Proximal femoral osteotomy is an important reconstructive option in the management of a wide range of hip pathology in children and adolescents [18]. The implants for this procedure have paralleled advances in implant technology for fixation of proximal femoral fractures and osteotomies in adults [611]. More recently, developments in cannulated device technology along with locking plate technology have been combined into a new system, which appears to have the versatility to cover the full range of reconstructive requirements from birth to skeletal maturity in children’s orthopaedics [12]. The principles and surgical approach are built solidly on the foundations of previous technology and require only minor modifications. We conducted an audit of our first 25 patients to determine the complication rate during the learning curve as well as the ability of established and trainee surgeons to learn how to use the new system. Technically, the system performed faultlessly with no loss or change of position between the insertion of implants and bony union at 6–12 weeks after surgery. The stability of fixation was felt to be adequate, even in younger children with CP who had hypertonia, nutritional impairment and osteopenia [19]. Apart from one girl with an open reduction of DDH, hip spicas were not used. No restrictions were placed on mobility or weight-bearing, which was a major advantage for early rehabilitation after SEMLS [16]. Despite this immediate mobilisation policy, there were no changes in implant position, and the technical goals of all procedures were achieved. This zero revision rate compares favourably with both older and newer systems such as the Richards intermediate hip screw, the AO blade plate and the Pediatric LCP Plate [7, 8, 10, 11]. In addition, older systems were more likely to be followed by hip spica casting, which has high costs in terms of time and materials, is inconvenient for families and is associated with significant morbidity [8, 10, 17, 18, 21, 22]. The LCP system also employs a locking screw technology but there are significant restrictions on the choice of NSA, given that most commercial systems have only two side-plate angles for varus correction [11, 12]. In addition, delayed union seems to be a problem with the LCP system, where the fixation system seems to be too rigid for some paediatric indications [10, 11].

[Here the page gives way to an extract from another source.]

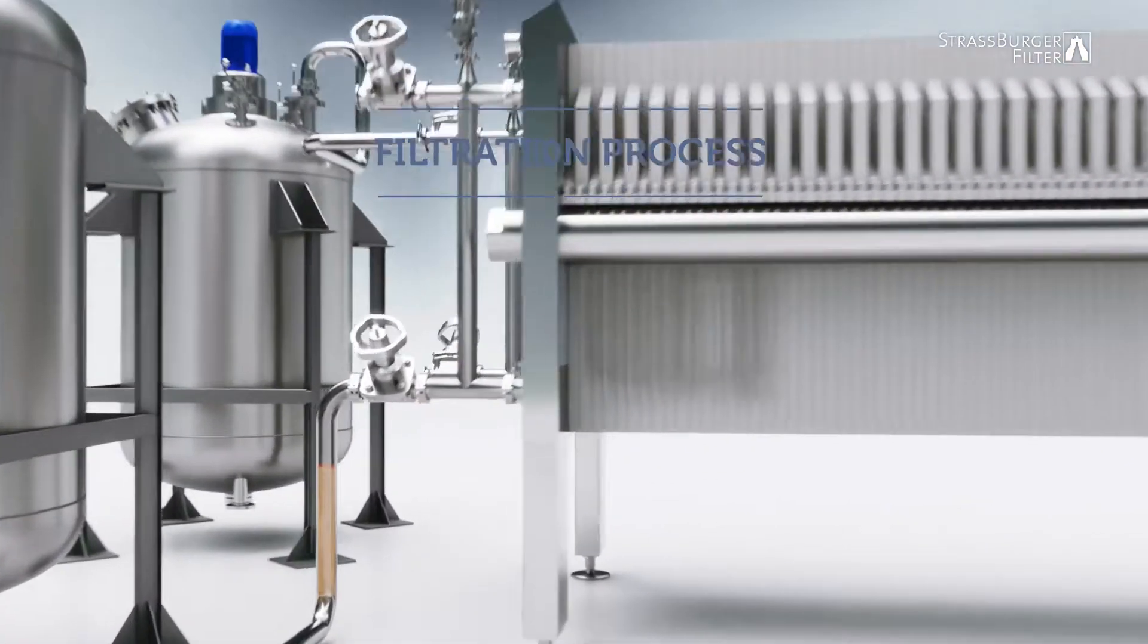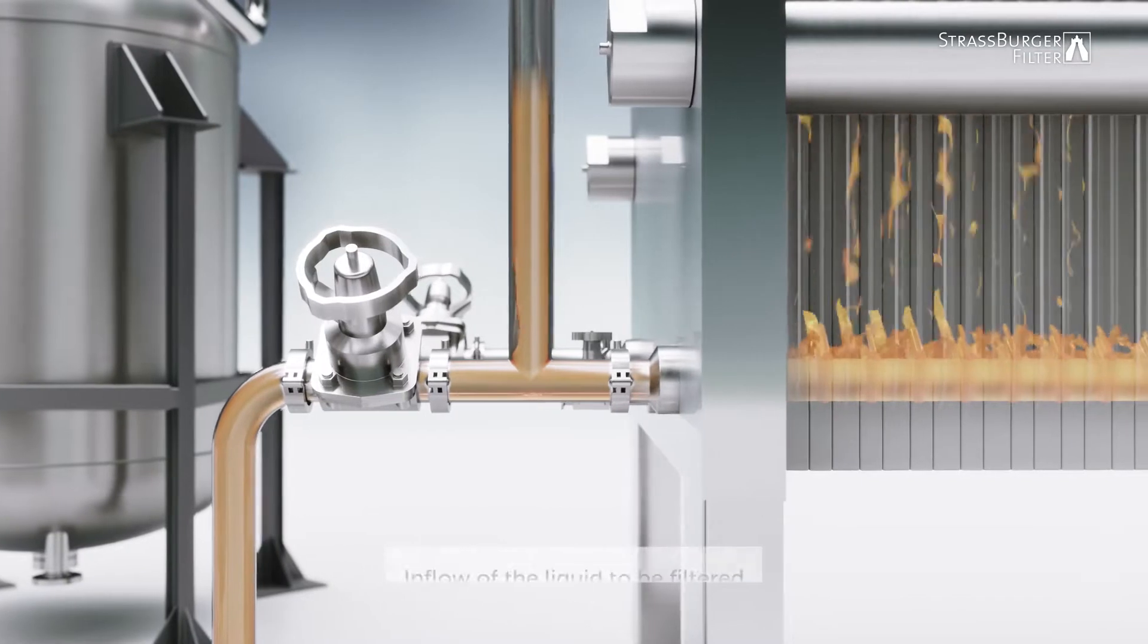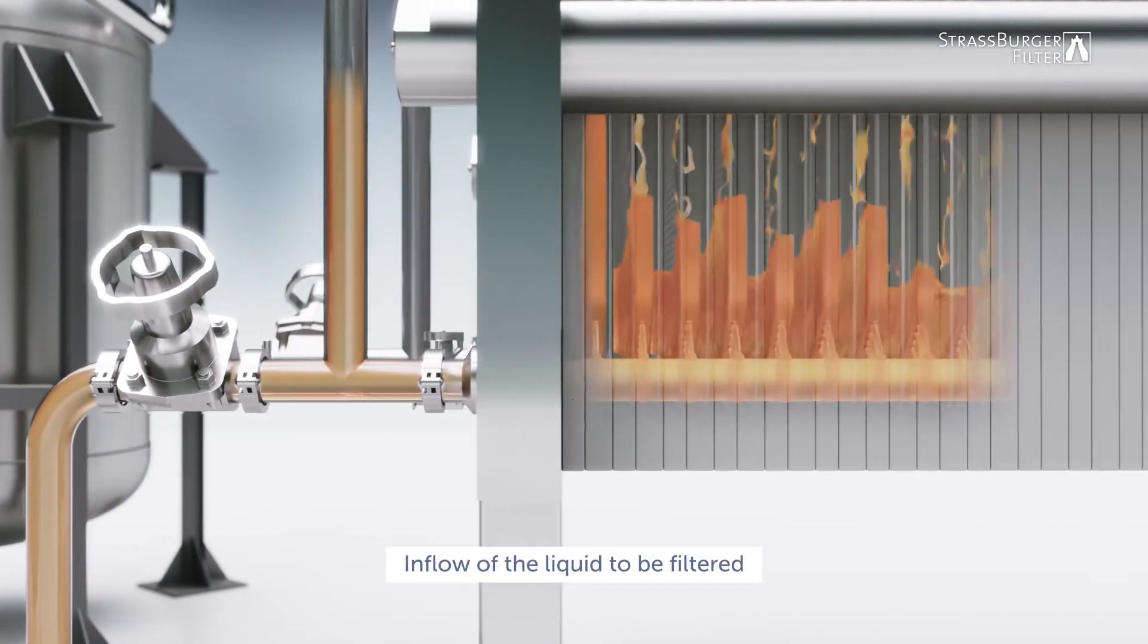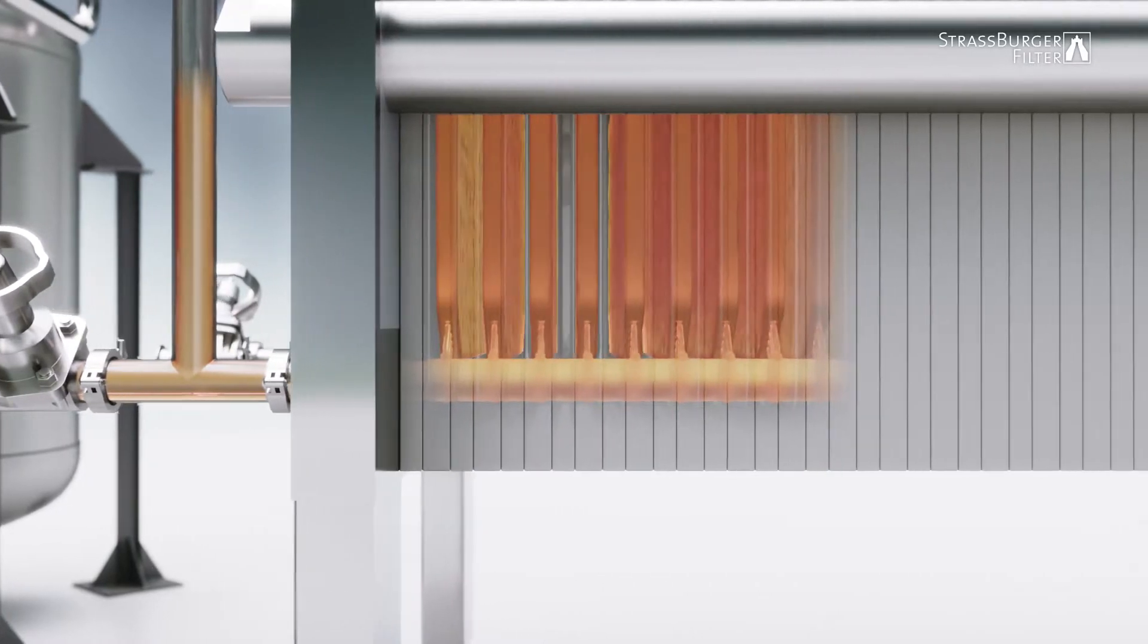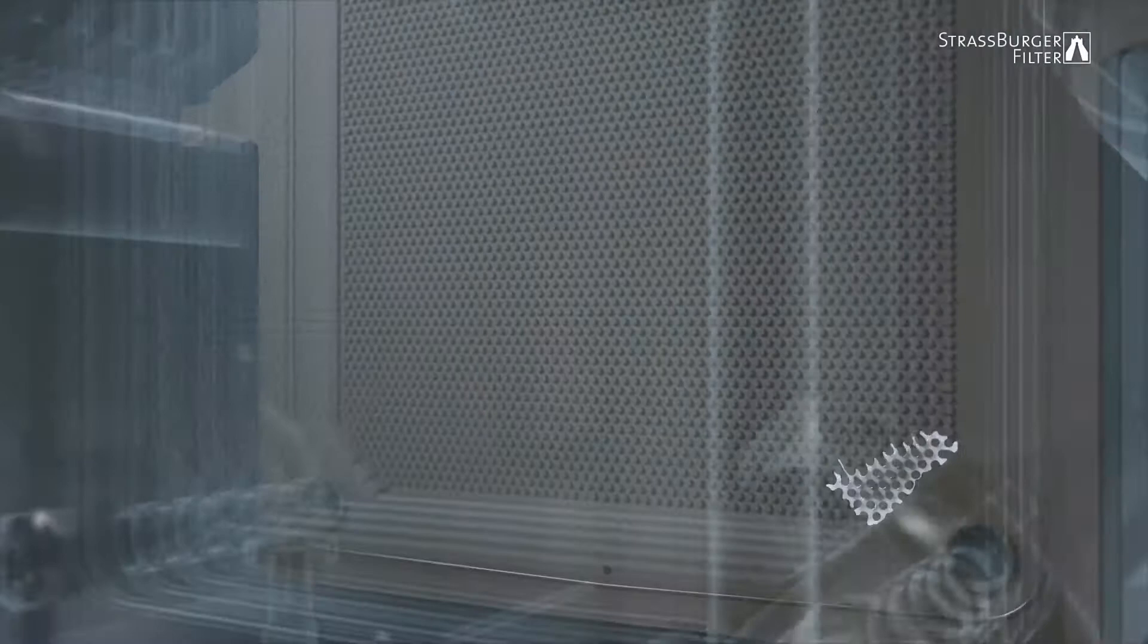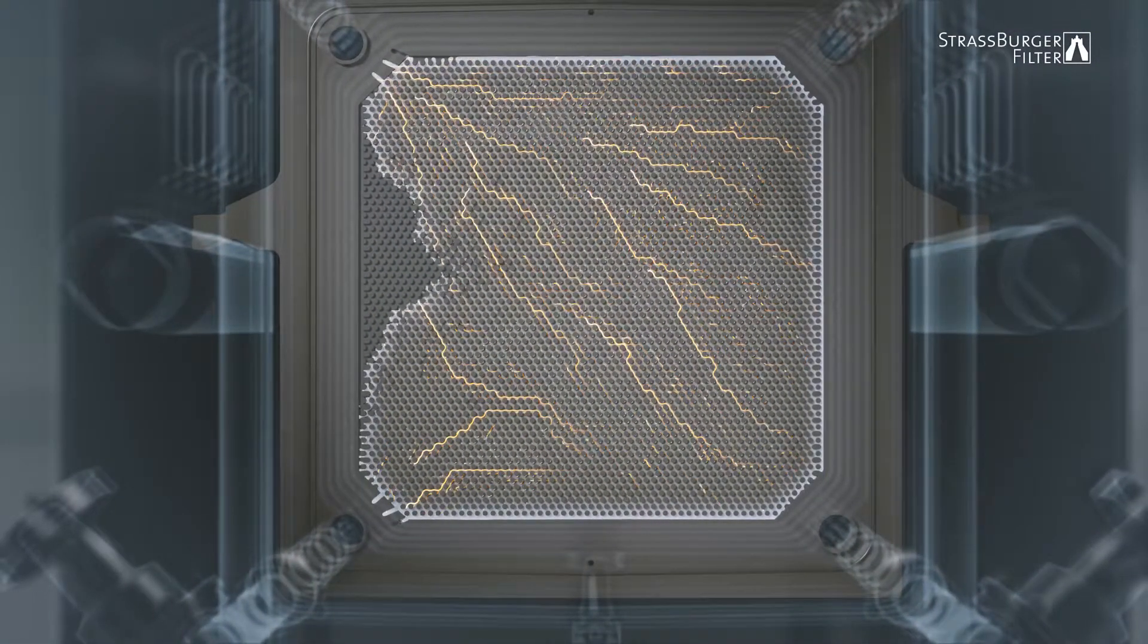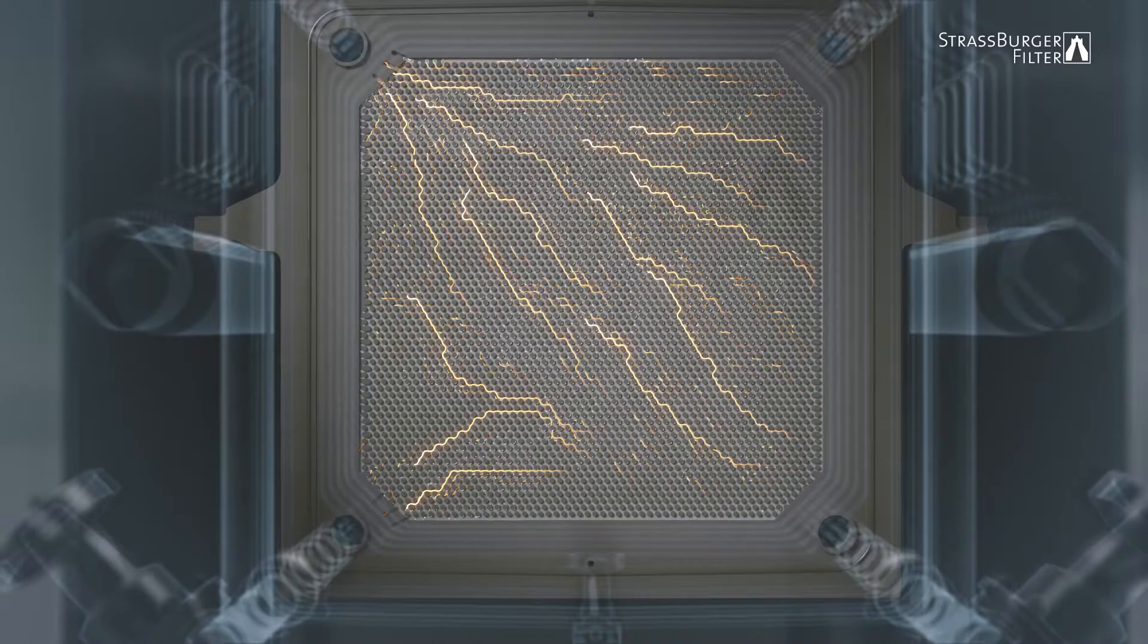The filtration process takes place in various steps. First, the liquid to be filtered is introduced through the inlet. The unfiltrate flows into the frames and fills them completely. The filtrate then collects behind the filter layer, between the nubbed field of the filter plates, which ensures even liquid distribution.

The limitations of our study include the wide range of ages and indications, the concentration on purely technical and not functional outcomes and the small number of patients and osteotomies. Future studies will include comparison of this device with existing technology. In addition, a detailed study of attitudes and comfort levels from trainees at different levels will be conducted again in comparison with existing non-cannulated, non-locking technology.